Is it just in second gear?
What engine mode are you in?
Do the revs rise as you open the throttle?
When was it last serviced?
Is the battery good?
Does it rev freely when in neutral?
Where is @me_groovy or @National_Treasure to tell us instantly what’s wrong?
If I was a gambling man I’d wager it to be a combination of the manufacturers reducing emissions and the local authorities introducing reduced 20 mph speed limits. The manufacturers will have us believe the type of issue described here is characteristic of a modern Euro 5 engine with multiple riding and user definable modes.
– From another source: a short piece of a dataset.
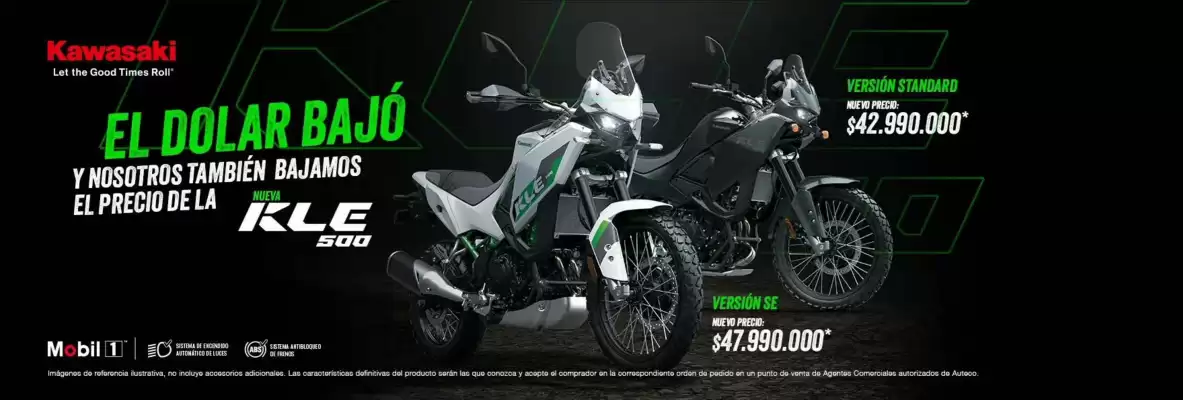 Kawasaki (válido hasta 2-10)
The issue is common with Honda’s range of 1100cc twins and their recommendation is to ride in sport mode, Triumph’s position will no doubt be the same.
Don’t think road speed vs gears, think engine loading vs RPM’s vs road speed. Give it more beans, ride in lower gears longer, change up later and/or slip the clutch on acceleration after throttling off for engine braking.
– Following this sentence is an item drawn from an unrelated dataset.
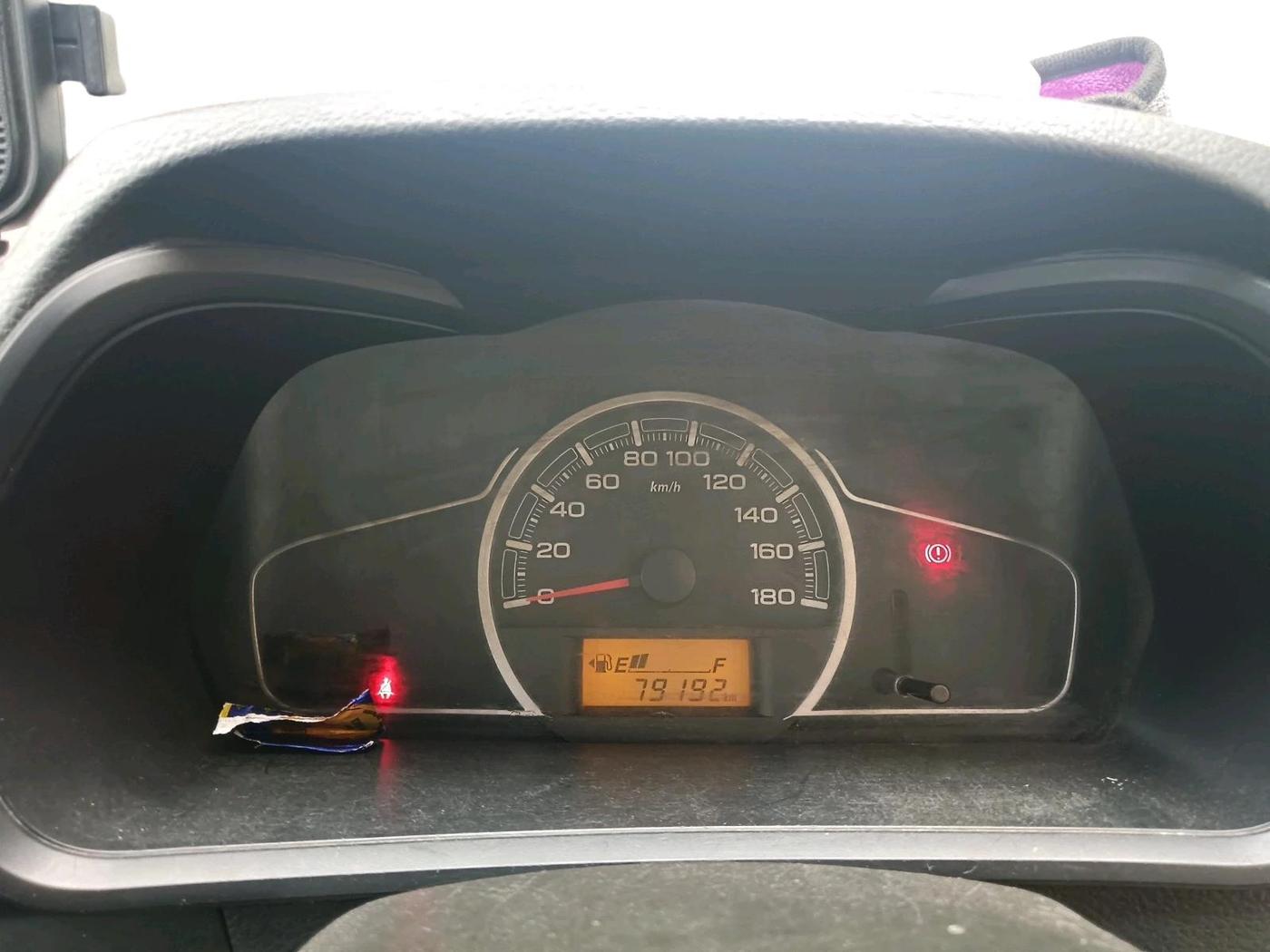 2022 Maruti Alto LXI, CNG, Manual, 79,192 km, interior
Sounds a bit odd. Has it always been like this, or is this a change?
Manufacturers do sometimes limit acceleration in specific gears via the ECU, depending on what mode the bike is in to help reduce the chance of you flipping it, but as it’s an older bike with a smaller engine, and it only happens in 2nd, not first as well, I don’t imagine it’s a designed electronic intervention.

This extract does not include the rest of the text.